Take the data below and filter it for lines containing the word "Breasted"; show each line found.

== Segment start ==

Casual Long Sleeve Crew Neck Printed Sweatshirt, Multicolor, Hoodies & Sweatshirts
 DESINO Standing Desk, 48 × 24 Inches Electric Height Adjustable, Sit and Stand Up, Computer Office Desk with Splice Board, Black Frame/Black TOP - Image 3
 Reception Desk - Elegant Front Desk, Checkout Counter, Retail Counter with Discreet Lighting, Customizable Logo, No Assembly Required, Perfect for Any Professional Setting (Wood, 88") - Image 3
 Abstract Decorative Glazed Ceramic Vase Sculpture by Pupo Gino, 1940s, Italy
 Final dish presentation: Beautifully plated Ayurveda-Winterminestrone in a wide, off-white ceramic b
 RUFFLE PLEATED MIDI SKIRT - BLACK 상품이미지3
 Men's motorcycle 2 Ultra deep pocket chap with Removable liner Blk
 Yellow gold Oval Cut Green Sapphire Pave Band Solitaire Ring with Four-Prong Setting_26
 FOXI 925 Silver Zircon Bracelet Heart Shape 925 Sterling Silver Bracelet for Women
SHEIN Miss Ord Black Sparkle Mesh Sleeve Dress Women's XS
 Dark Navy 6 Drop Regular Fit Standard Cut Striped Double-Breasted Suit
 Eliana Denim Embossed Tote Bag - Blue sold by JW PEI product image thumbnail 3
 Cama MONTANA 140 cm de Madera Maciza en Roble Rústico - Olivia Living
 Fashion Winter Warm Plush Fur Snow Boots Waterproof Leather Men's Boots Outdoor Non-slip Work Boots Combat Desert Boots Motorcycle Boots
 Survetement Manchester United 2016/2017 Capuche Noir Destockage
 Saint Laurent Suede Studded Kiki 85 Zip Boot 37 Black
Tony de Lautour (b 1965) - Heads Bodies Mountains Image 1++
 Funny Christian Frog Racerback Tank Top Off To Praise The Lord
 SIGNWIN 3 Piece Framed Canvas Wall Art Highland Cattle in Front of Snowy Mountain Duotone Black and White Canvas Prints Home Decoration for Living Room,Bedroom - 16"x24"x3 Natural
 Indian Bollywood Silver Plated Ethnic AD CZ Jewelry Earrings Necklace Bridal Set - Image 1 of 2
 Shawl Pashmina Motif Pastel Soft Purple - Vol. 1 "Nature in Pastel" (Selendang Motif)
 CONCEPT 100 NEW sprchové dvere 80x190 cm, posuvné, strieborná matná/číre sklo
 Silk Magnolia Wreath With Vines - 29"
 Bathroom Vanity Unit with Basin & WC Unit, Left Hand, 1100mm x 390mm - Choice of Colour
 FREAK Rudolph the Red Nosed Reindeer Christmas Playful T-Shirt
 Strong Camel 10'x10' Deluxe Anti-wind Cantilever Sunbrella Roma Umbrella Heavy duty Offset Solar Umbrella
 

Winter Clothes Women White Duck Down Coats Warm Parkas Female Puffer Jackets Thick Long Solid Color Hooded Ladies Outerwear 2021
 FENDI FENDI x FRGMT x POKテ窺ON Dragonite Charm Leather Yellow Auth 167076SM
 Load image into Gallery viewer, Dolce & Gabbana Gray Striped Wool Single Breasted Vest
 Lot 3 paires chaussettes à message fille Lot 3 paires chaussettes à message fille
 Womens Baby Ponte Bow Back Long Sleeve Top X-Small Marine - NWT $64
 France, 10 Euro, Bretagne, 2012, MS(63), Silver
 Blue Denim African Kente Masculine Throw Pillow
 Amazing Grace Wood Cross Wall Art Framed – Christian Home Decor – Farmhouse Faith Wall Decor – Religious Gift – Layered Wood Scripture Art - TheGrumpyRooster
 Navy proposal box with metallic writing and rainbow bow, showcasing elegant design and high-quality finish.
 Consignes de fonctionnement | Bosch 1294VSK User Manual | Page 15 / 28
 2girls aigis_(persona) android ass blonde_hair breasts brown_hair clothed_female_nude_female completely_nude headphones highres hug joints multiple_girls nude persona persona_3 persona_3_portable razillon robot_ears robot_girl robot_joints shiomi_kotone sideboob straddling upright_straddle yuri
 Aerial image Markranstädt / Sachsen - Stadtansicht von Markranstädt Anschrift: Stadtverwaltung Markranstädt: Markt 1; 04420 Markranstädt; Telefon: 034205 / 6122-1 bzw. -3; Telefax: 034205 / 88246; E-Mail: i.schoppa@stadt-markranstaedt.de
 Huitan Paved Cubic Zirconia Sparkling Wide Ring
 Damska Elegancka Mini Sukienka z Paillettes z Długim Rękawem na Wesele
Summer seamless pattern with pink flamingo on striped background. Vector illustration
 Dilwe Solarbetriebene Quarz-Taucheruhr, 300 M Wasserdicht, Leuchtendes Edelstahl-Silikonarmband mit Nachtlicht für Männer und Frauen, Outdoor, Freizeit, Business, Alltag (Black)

== Segment end ==

• _TASK SOLUTION_:
 Dark Navy 6 Drop Regular Fit Standard Cut Striped Double-Breasted Suit
 Load image into Gallery viewer, Dolce & Gabbana Gray Striped Wool Single Breasted Vest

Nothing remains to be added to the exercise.